SANDY: So when’s a good time to model that mindfulness and chronic stress? Because I’m assuming it’s not in the middle of a Hulk brain episode.  

DR. AMY: Absolutely. We have to make this a daily practice. So, you know, if you’re a homeschooling parent, you can just roll this into your daily curriculum, right? It can be a health lesson or a PE lesson. If you’re not a homeschooling parent, if you are sending your kids to school, spend the first five minutes of the day in a mindfulness or breathing exercise or grounding exercise practice with them, right? The easiest one to do is the sigh, right? So you literally are gonna breathe in and then let out a really long sigh. The exhale is more important than the inhale, so you want your exhale to be longer. And that activates the parasympathetic nervous system, which presses the brakes on that fight, flight, or freeze mode that your kids are living in if they’re chronically stressed. And so, there is nothing magical about which mindfulness or grounding or breathing exercises to do. You can Google mindfulness exercises for kids and you will get a thousand hits. All of them are good. All of them. You can buy cards on Amazon. I don’t get proceeds from anything I recommend.
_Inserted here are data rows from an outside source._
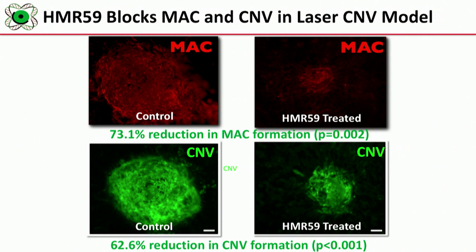We use a laser CNV model to demonstrate that our drug HMR59 is actually blocking membrane attack complex. We pre-treat the eyes of mice with HMR59 10 to 14 days before the laser model. As a control, we use AAV2 linked to green fluorescent protein, so we don't confound results with the AAV2 vector affecting CNV lesion size. Fourteen days after drug administration followed by laser CNV formation, there is about a 73% reduction in membrane attack complex formation. When you activate the laser and create the CNV, you're actually activating complement. In addition, we're diminishing CNV formation by about 63%. So HMR59 both blocks MAC and blocks choroidal neovascularization formation.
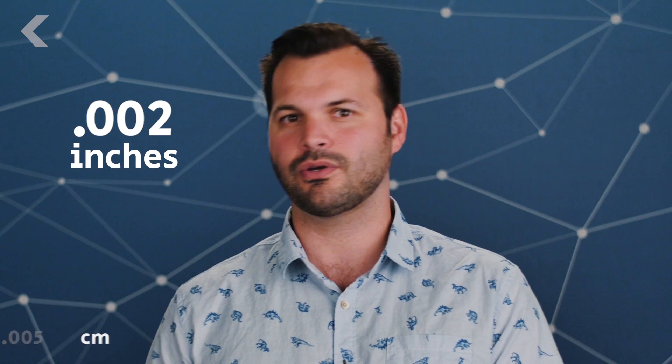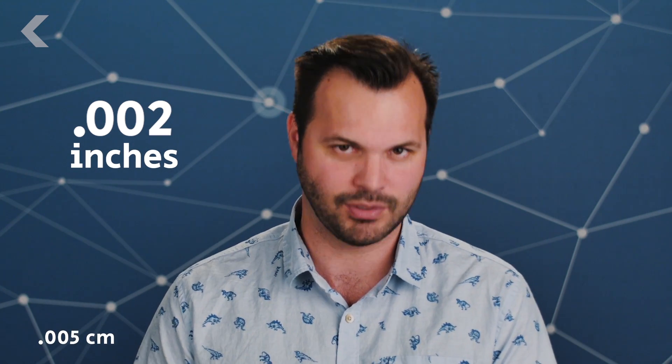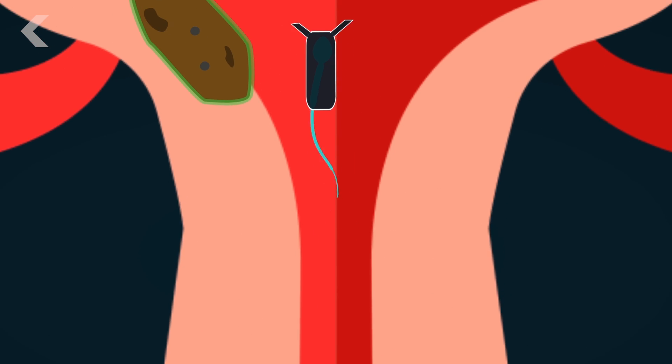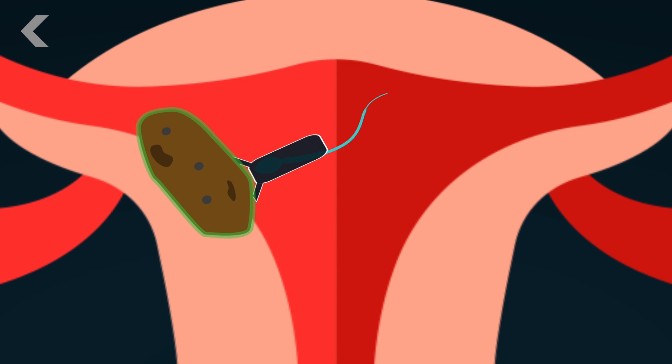Sperm themselves are only about .002 inches, so imagine how tiny that harness is going to have to be. The armored sperm are then inserted into the patient's reproductive system, and researchers use magnets to guide the ironclad sperm to the drug drop-off point — the tumor. Then the bionic suit releases the sperm, allowing it to swim into the cancerous tumor and deliver the drug to the problem area.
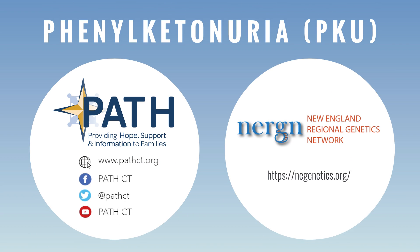This video was brought to you by PathCT and funded by the New England Regional Genetics Network, NERGIN. We'd like to credit the National Human Genome Research Institute, the National Organization for Rare Disorders, MedlinePlus, and the Mayo Clinic for the information shared in this video. We would also like to thank Stephen Cofrancesco for composing original music for PathCT. Subscribe to our YouTube channel and follow us on social media for updates on future episodes and other programs.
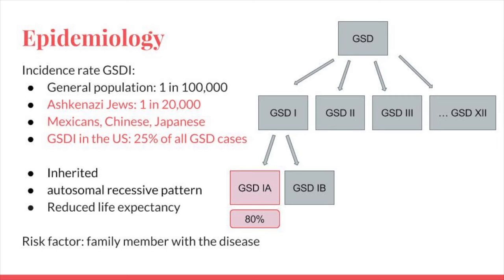This condition is inherited, so the primary risk factor for GSD is having a family member with the disease. It is inherited in an autosomal recessive pattern, which means both copies of the gene in each cell have mutations. The parents of an individual with an autosomal recessive condition each carry one copy of the mutated gene, but they typically do not show signs and symptoms of the condition. Life expectancy and quality of life is reduced, but many people are able to do quite well.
So you can just Google “mindfulness card deck for kids,” um, and then just play around with them, right? Do a couple before bedtime, do a couple in the morning and then—  

SANDY: I love that idea. I love that idea because then it takes the pressure off like, “Ooh, let’s try this one today.”  

DR. AMY: Absolutely. And so what that does is it gives your child’s nervous system a break from that cortisol and adrenaline coursing through their veins. Right? Will they still get upset? Absolutely. If they really have ADHD, will they struggle to regulate their emotions? Absolutely. But this will give their bodies and their brains a little bit of a break, right? By pressing the brakes on that fight, flight, or freeze mode a couple of times a day. And as you lower those cortisol levels, it takes less and less to throw you into that fight, flight, or freeze mode, right? So it’s, I like to just say this, you know, makes your resilience bucket bigger because that stress is going to be there. Right? Like, it’s really hard to reduce the amount of stress, but what we can do is increase our child’s capacity for dealing with it. So mindfulness, grounding, and breathing exercises.  

SANDY: And we need to practice a lot, right? Repetition is the key. Because you’re not going to use something that doesn’t come automatically to you. You’re not going to sigh if you haven’t practiced sighing a thousand times, right? And exhale, right?  

DR. AMY: Yes. And so, you know, with my teenage counseling clients, I encourage them to take a photograph of two or three of those cards with their favorite exercises on them and keep it on their phone so that if they find themselves getting upset or worked up at school, then they can just pull that up on their phone and run in the bathroom and do a couple of those.  

SANDY: I love it. I love it. What’s the last one? We’ve almost got all five in.  

DR. AMY: Yes. So the, the last pillar is cognitive skills. All right. What are cognitive skills?  

SANDY: My favorite.   DR. AMY: Right. Right. This is the space that we, that we work in. Right, Sandy?  

SANDY: Yeah, exactly. I live here, so this is me.  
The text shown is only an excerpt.